For Boise literary nonprofit The Cabin, summer is the season for writing camps — week-long literary experiences where children in third through 12th grade adventure across the city and learn the art of screenwriting, poetry, fiction and visual art.

Boise State alum Hillary Colton (MFA, creative writing, 2023) began as the education programs manager at The Cabin soon after receiving her degree from Boise State. Colton facilitates The Cabin’s summer camps, helps coordinate writing workshops and runs Writers in the Schools, a program that connects teaching writers to local schools and juvenile detention centers.

A key feature of Boise State’s creative writing MFA program allows students to teach one writing class per semester to undergraduates. Colton said her experiences as both a student and a teacher at Boise State prepared her to lead The Cabin’s educational efforts.

“Boise State’s MFA program allowed me to live a creative lifestyle and to encourage one to my undergraduate students, which I believe forces a person to foster empathy and think critically about the world,” Colton said.

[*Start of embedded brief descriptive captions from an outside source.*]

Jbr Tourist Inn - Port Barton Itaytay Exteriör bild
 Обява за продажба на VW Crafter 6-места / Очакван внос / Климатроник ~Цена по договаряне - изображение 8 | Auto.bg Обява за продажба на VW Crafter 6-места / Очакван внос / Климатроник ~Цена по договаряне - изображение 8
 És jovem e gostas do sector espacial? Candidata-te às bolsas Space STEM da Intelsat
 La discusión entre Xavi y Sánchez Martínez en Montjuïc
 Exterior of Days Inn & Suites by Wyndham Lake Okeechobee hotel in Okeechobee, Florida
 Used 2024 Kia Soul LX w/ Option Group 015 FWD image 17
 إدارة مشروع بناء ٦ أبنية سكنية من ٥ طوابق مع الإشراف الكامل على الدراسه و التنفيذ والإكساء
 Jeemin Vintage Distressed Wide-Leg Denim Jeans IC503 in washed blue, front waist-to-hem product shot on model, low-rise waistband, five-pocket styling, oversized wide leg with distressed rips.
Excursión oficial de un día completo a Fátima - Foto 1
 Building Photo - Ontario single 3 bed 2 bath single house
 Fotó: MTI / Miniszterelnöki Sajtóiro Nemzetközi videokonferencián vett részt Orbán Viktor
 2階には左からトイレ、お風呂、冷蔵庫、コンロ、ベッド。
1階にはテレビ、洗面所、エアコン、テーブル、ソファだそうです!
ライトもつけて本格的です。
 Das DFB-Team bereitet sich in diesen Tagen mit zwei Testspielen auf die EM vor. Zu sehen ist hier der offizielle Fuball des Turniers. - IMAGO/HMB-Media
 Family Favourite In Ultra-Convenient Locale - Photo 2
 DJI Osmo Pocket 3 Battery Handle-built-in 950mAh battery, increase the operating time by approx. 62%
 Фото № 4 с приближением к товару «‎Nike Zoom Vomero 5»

Double alum Cassie Woodard (BFA, creative writing, 2022; MFA, creative writing, 2025) has also translated her skills from campus to camps. A teaching writer for The Cabin since 2023, Woodard is passionate about fostering playfulness in young writers. She hopes her campers fall in love with writing as a fluid art form.

“A lot of times, if you give kids a prompt without additional scaffolding, they get paralyzed because they’re more worried about making sure they get a good grade or doing it correctly than they are about getting to fully explore,” Woodard said. “It’s fun to be like, ‘Okay, what’s the silliest thing we can do right now?’ as a way to get them to laugh at the process of writing and how fun and silly it can be.”

Colton’s favorite camp is “Picture This,” which mixes creative writing with visual art. The camp culminates in a gallery where friends and family can walk around admiring the campers’ artwork. Campers proudly stand next to their work to answer questions and share their process. Every year, as Colton walks through the gallery, she is elated to see not only the work the campers create, but the accomplishment they feel.

“It can be life-changing to have someone encourage you to keep going with your art,” Colton said. “I believe it takes one person, and I love to think we are making that encouragement more accessible with our camps. Creating is a lifestyle, and art is for life. It doesn’t have to be your whole life, but I hope the kids who come through here feel the transformative power of creation.”